Location: San Francisco, CA
Program: Remodel and loft addition to 1930’s vintage home
Area: 1950sf + garage
Images: Joseph Schell
Structural Engineer: Puns & Associates
Parkside Family Remodel
Viewed from the street, the house is a traditional and pristine home in one of San Francisco’s western neighborhoods that slope gently to the ocean. Inside, however, unfolds a surprisingly open, eclectic, contemporary, and family-friendly design on three levels. The design melds inventive artistic features with classic elements of a 1931 California Mediterranean house. It is a dialogue between the past and an evolving present.
A small interior lightwell yields to a new staircase with gently angled wall that, in turn, yields headroom. The remodeled kitchen re-uses the home’s original cabinetry and is united by a sinuous poured-in-place concrete countertop with a cylindrical sink made from a restaurant grade pasta bowl allowing 270 degrees of access. While the style reflects artistry, the design is always functional.
A sunny breakfast room features a hand painted ceiling by the artist-owner and a suspended light made from a colander.
Passing through the living room to the perfectly square skylit dining room in the center of the plan reveals a staircase inserted into a former lightwell that connects the upper and lower levels. The dining room features another whimsical light fixture composed of copper plumbing pipe and cages meant for candles.
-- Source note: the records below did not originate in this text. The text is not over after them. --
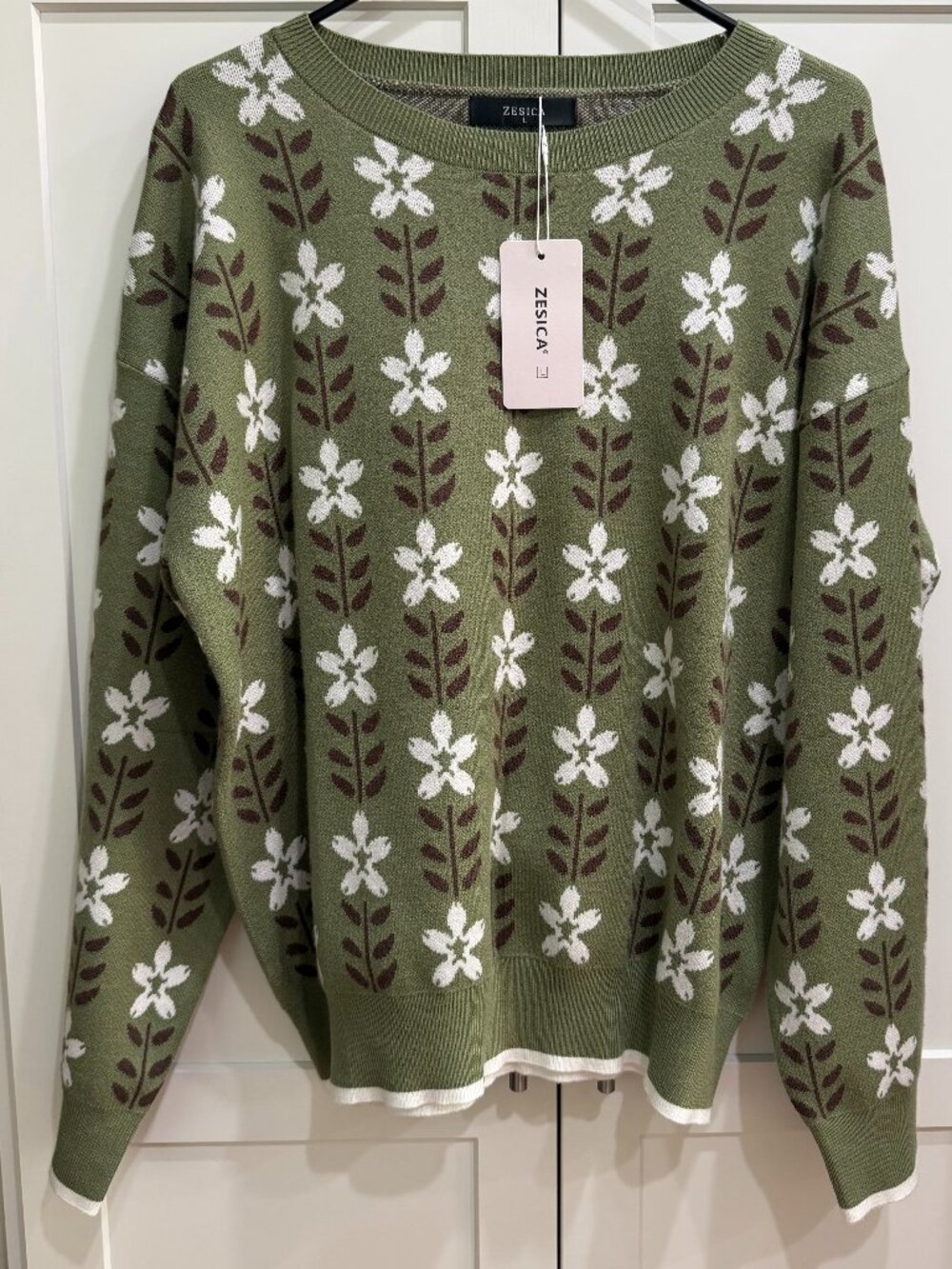 Zesica Women’s Long Sleeve Crewneck Sweater, L 12-14, Never Worn, LS, Oversized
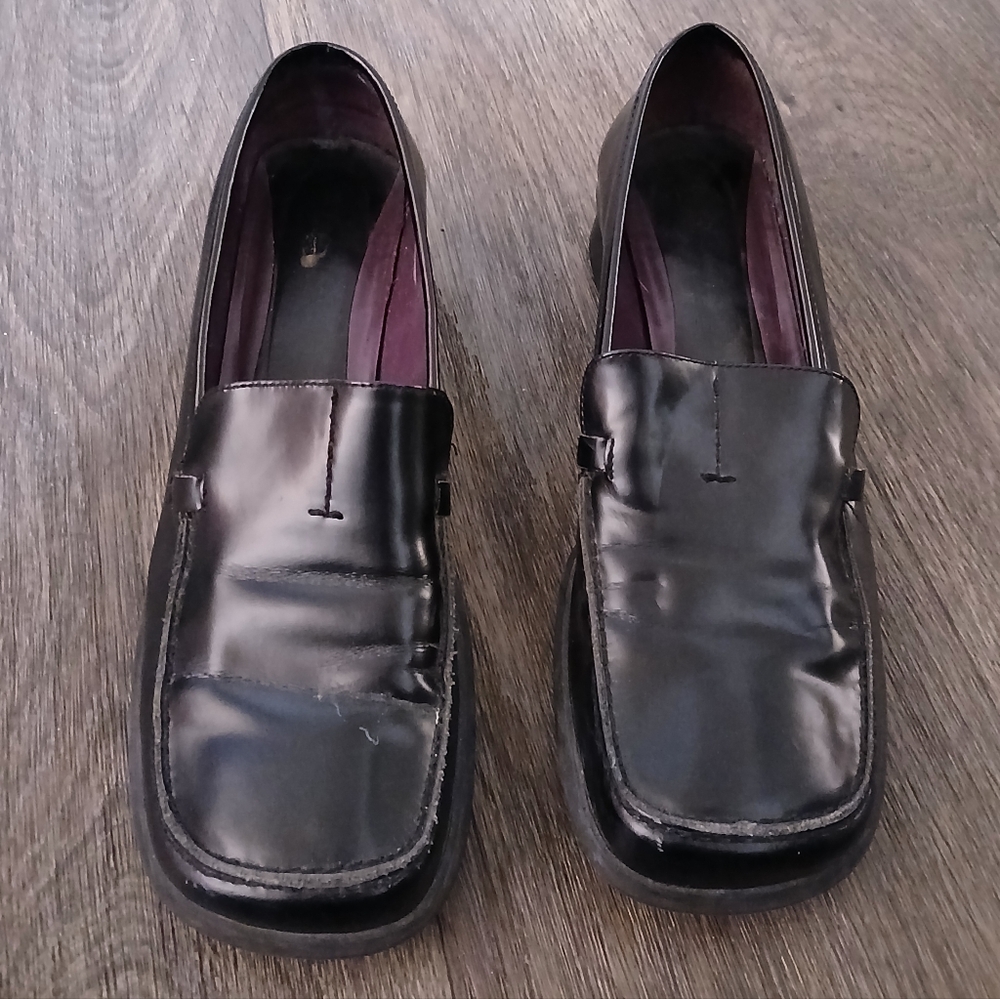 Vintage Reaction Kenneth Cole Black Leather Kadet Loafers.
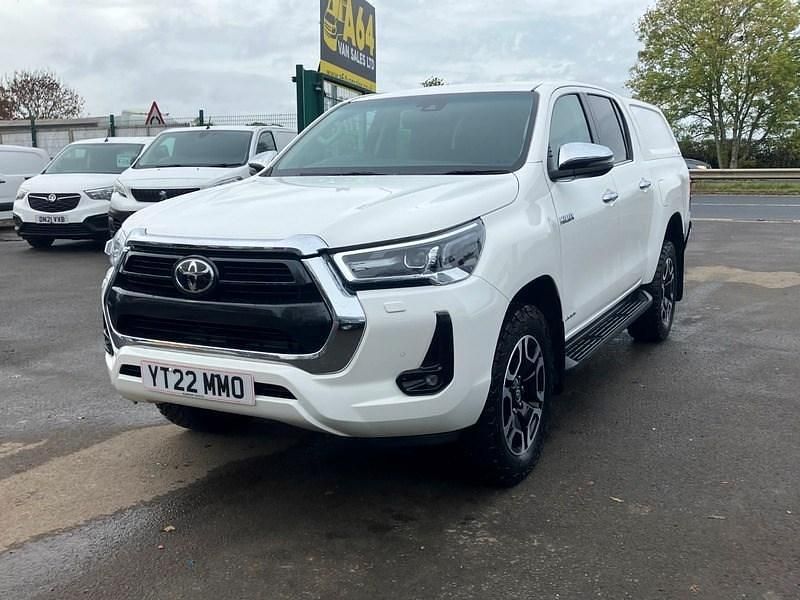 Second-hand Toyota HiLux 201 CP (147 kW) 2022 Alb Pickup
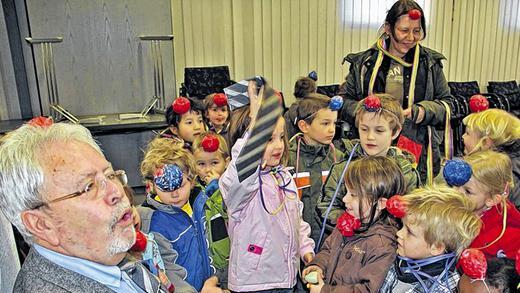 Versteht Spaß: Bei Kindern wird der Bürgermeister weich. Versteht Spaß: Bei Kindern wird der Bürgermeister weich.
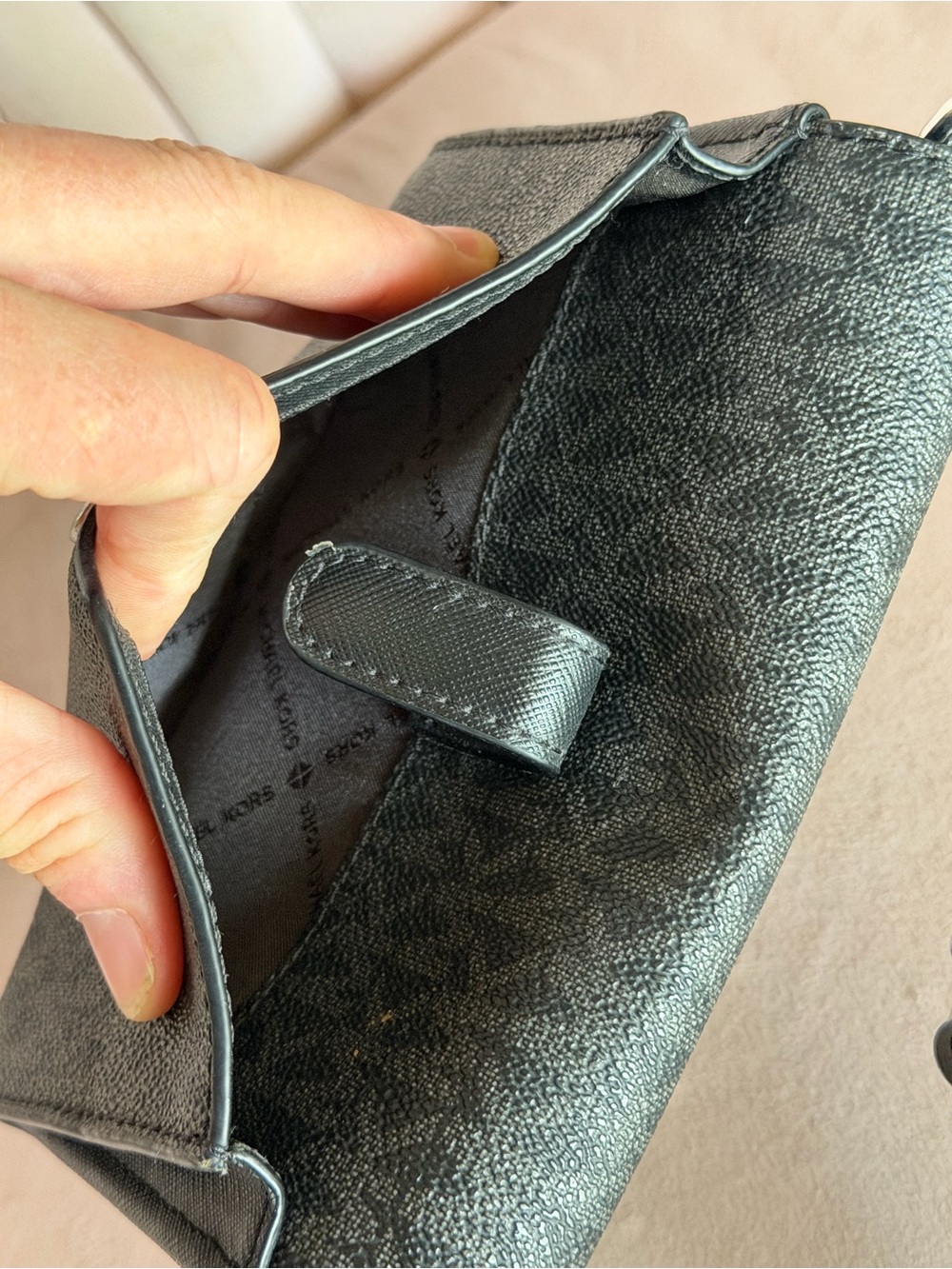 MICHAEL KORS Jet Set Medium Signature Logo Crossbody Bag in Gray/ Black - Picture 8 of 16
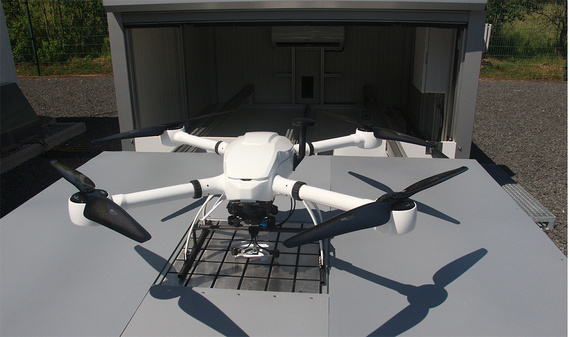 Hangar para drones con plataforma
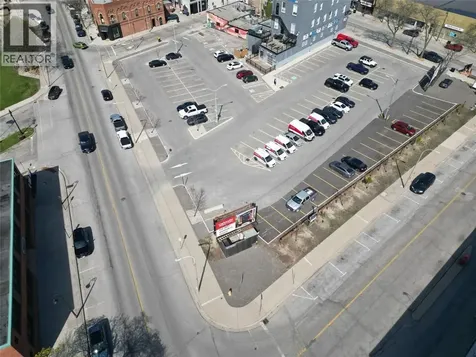 110 Davis Street Sarnia ON N7T 5T6
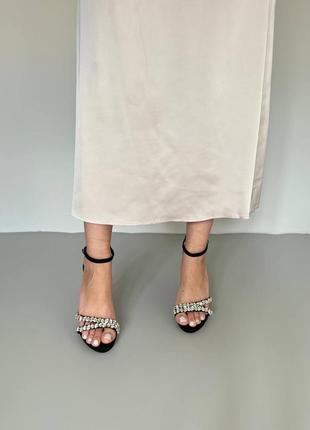 Стильні босоніжки на високому каблуку босоніжки на шпильці з камінцями чорні босоніжки на каблуку босоніжки на підборах з камінням яскраві босоніжки10 фото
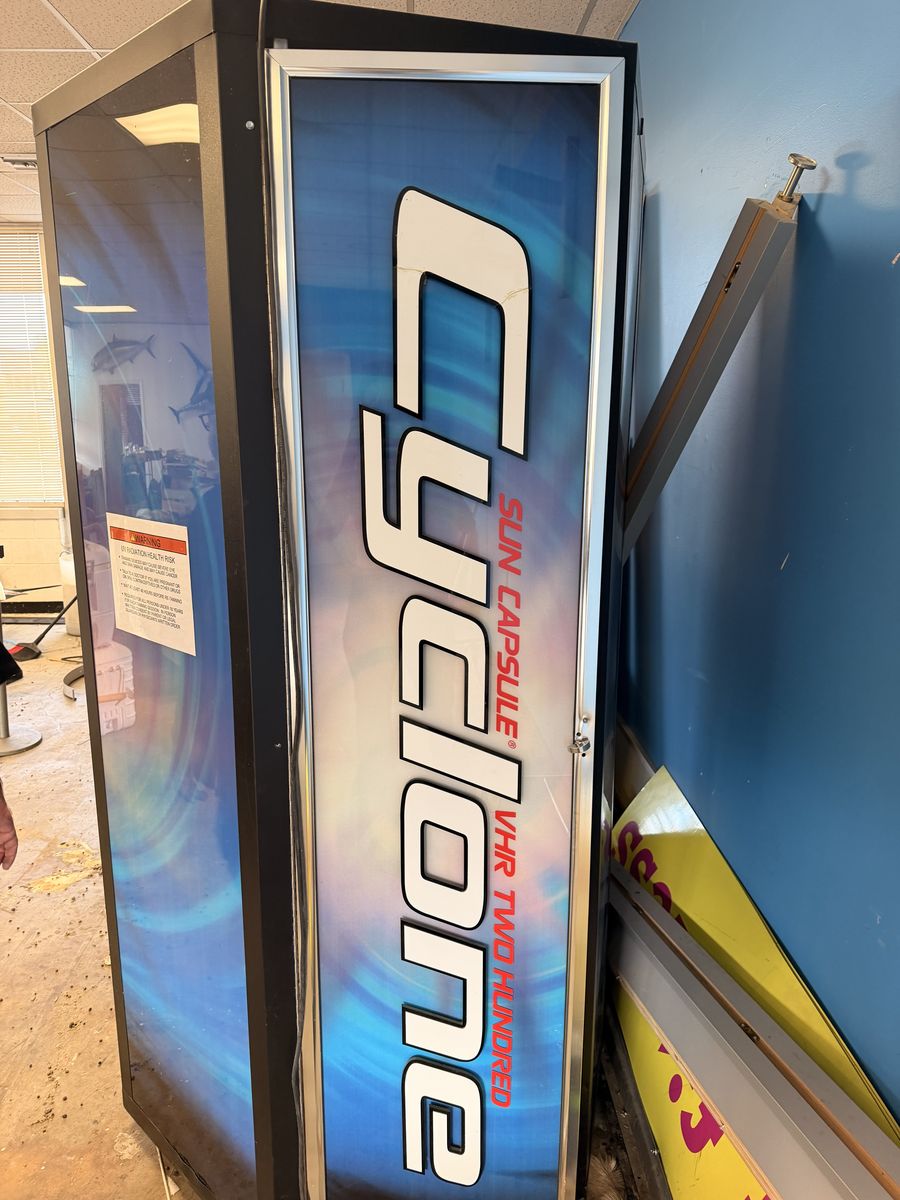  cyclone sun capsule vhr two hundred tanning booth with changing room. 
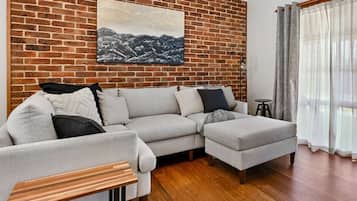 Tv, dvd-afspiller, bøger, kontorer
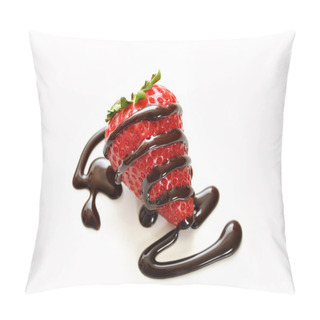 Personality  Fresh Strawberry Drizzled With Chocolate Sauce Pillow Covers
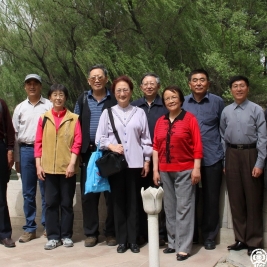 2010年5月马兆芳老师（左4）回清华与学生们的合影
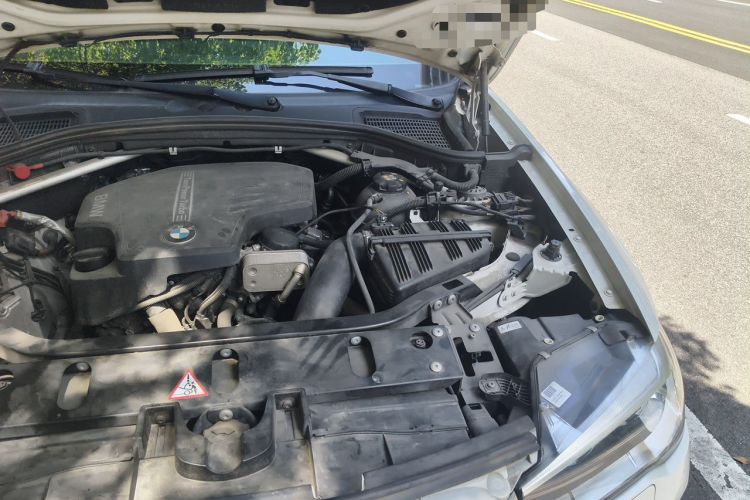 Used BMW X3 2014 xDrive20i X Design Package Engine Bay Left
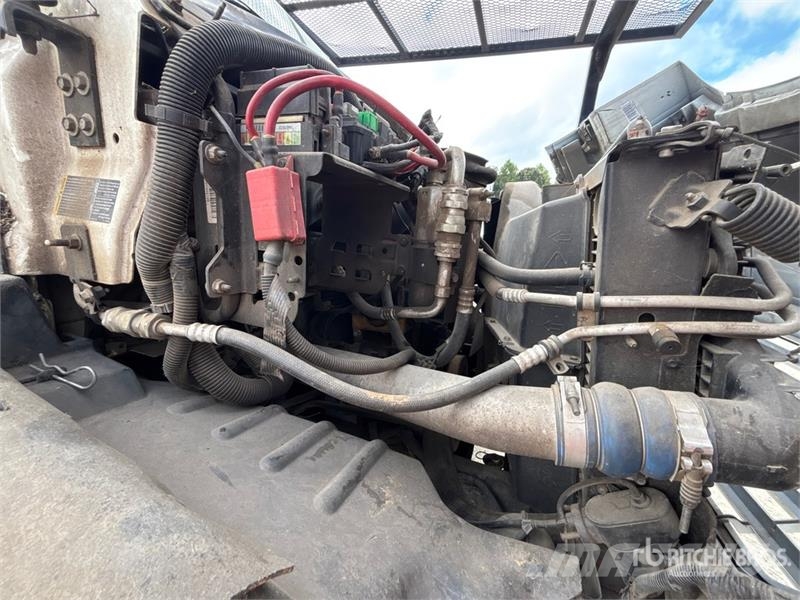 GMC C7500 Truck mounted platforms
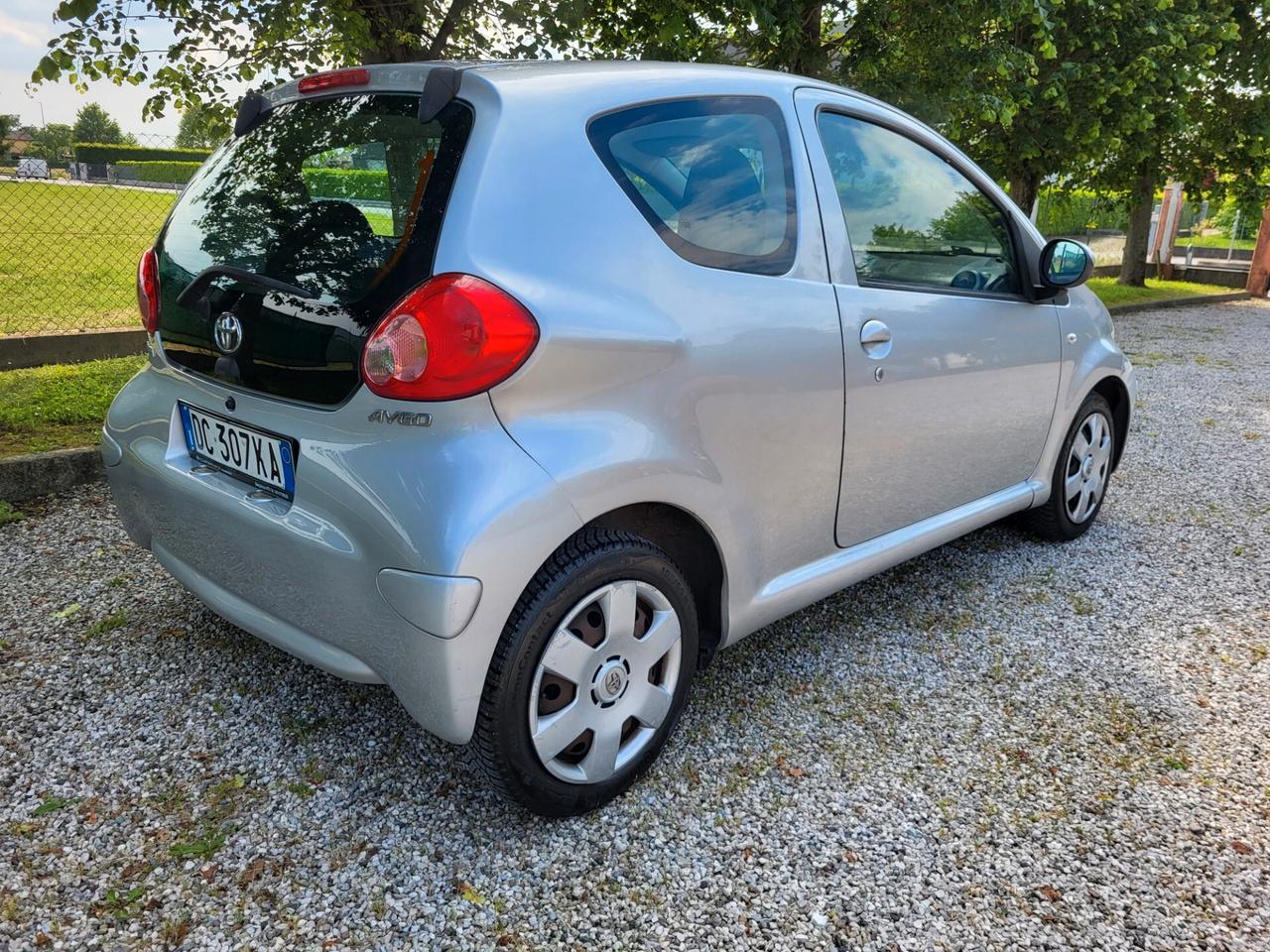 Toyota Aygo 1.0 12V VVT-i 3 porte Sol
Beyond the kitchen and dining room, the rear of the house is zoned for private use with four bedrooms and two bathrooms. A dramatic bathroom is a composition of slate and mirror with a transparent counter and an open shower. Two bedrooms complete the second floor plan while a sculptural Oak and Fir ship’s ladder leads to a sunny loft with a finished skewed plywood ceiling.
The original Douglas fir floor framing below is cleaned and neatly exposed downstairs that provides a primary suite and small office separated by simple barn doors of OSB. Down the open stairway from the main level with its gently sloped wall yielding headroom, is a media room and the primary bedroom, both drawing light from the garden through a glass wall. The ceiling exposes the house’s original Douglas fir floor joists and subfloor, cleaned and carefully devoid of unsightly wiring or plumbing. Form fuses with function with sliding privacy walls of simple OSB, stained concrete floors, and Japanese Tansu-like cabinetry integrated into the staircase. The colorful Moroccan inspired sky-lit primary bath reveals an oversized soaking tub.
In addition to numerous alterations and upgrades made over time, insulation was added throughout the house and a photo-voltaic array installed.
The home is an ongoing conversation between its restored past evolving current occupants. Old is honored and new is expressed in an often idiosyncratic and whimsical manner that emphasizes humanity over formal composition.